Ihr Erkenntnisse und Fundstücke - "deutsche" Flohmarktfunde, Familienfotos, Briefe und offizielle Dokumente aus Archiven - ordnet sie in einmaliger Art und Weise an - sie kombiniert die Dokumente mit Illustrationen, Comicstrips, sachlichen Zusammenfassungen und persönlichen Texten. Es entsteht dabei eine Textform, die sehr das Lesen einerseits schwieriger, andererseits aber auch zu einer Entdeckungsreise werden lässt, ähnlich der, auf die sie sich selbst begeben hat.
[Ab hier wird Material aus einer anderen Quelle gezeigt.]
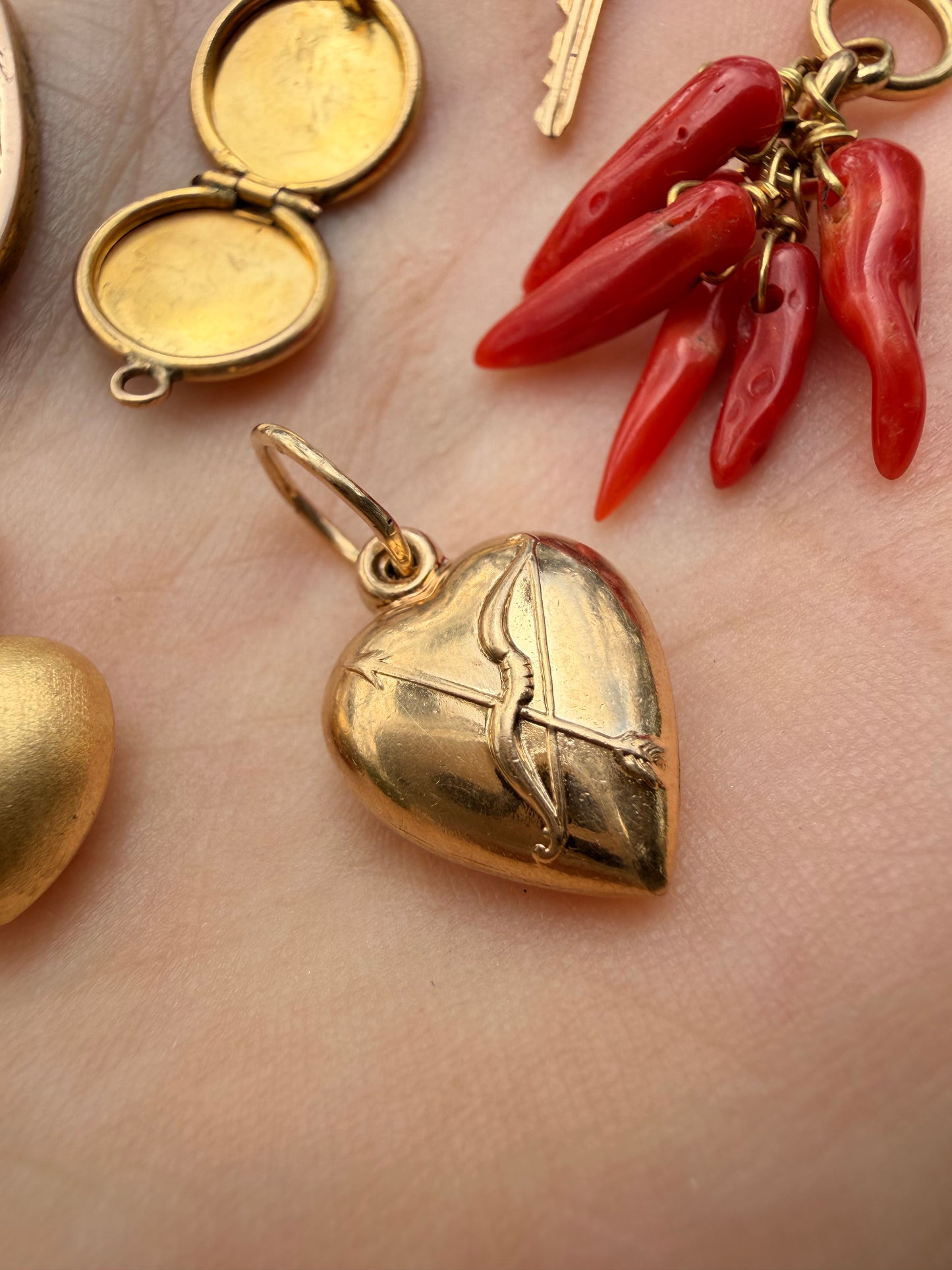 Vintage yellow 14K gold bow and arrow puffy heart charm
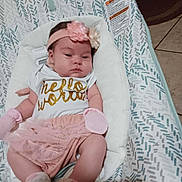 Harper is registered to the contest to win money with this photo: baby, infant, headband, flower, shirt, text, pink, white, cushion, seat, pattern, floor, tile, clothing, socks, newborn, resting, indoors, person, cute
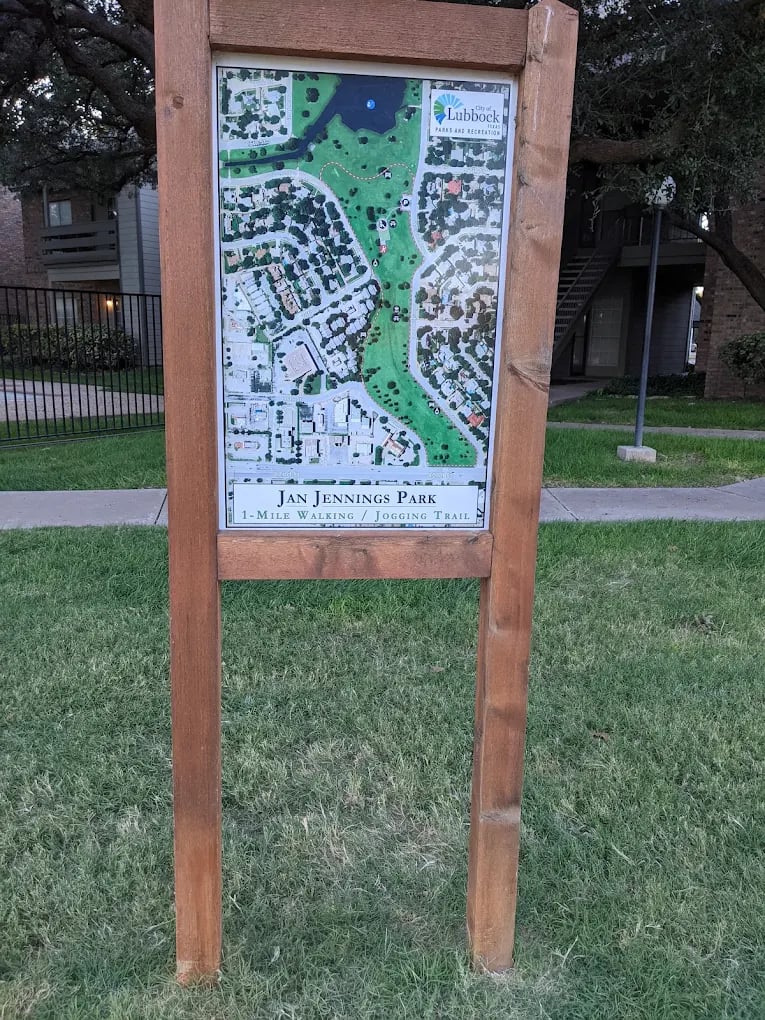 Jan Jennings Park map sign showing the one-mile walking and jogging trail.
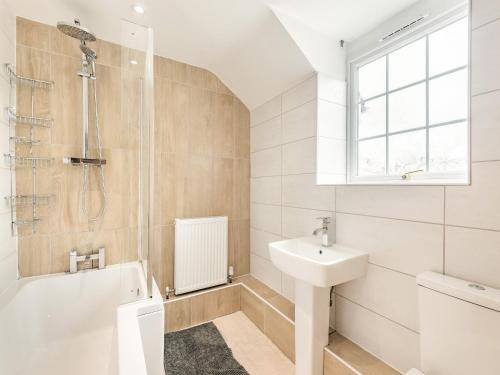 a bathroom with a sink and a tub and a toilet at Dovedale Cottage in Coningsby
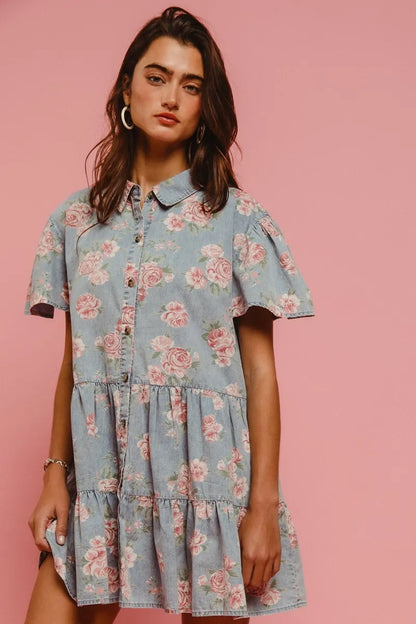 Close-up front view of Isla Floral Shirt Dress by BiBi, showing collared neckline, pink floral print, and tiered detailing on light denim fabric.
Persönlich fand ich ihre letztendliche Erkenntnis - nämlich dass sie nie sicher wissen wird, was im Kopf ihrer Vorfahren wirklich vorgegangen ist, welche grundliegenden Einstellungen beispielsweise ihr Großvater hatte - nicht überraschend. Vielleicht ist es etwas, mit dem man sich als seit Generationen in Deutschland Lebende/r sowieso abfinden muss: Familien haben automatisch eine nationalsozialistische Vergangenheit. Nur wenige waren gegen das System, die meisten haben zugelassen, was geschehen ist. Je nachdem, in welche Generation man geboren wurde, hat man entweder noch die Prozesse um die Täter miterlebt, die Phase der Verleugnung durchlebt oder hat schulisch eine intensiv aufklärerische Zeit erfahren. Inzwischen scheint eine Generation der ahnungslos Ignorierenden heranzuwachsen, was sich an aufbrechendem Antisemitismus und dem Zuwachs rechter Extermisten leicht ablesen lässt. Die eigene Positionierung erfolgt familien- und generationenspezifisch - eine intensive Suche, wie sie Nora Krug aus ihrer US-amerikanischen Perspektive betreibt, erübrigt sich daher oft. Was nicht bedeuten soll, dass sie nicht auch uns neue, klarere Sichtweise auf die Geschichte - vor allem die eigene - bringen könnte. Auch vor diesem Hintergrund ist Nora Krugs Buch eine beachtenswerte Lektüre.
Nora Krug, Heimat: Ein deutsches Familienalbum. Penguin 2018.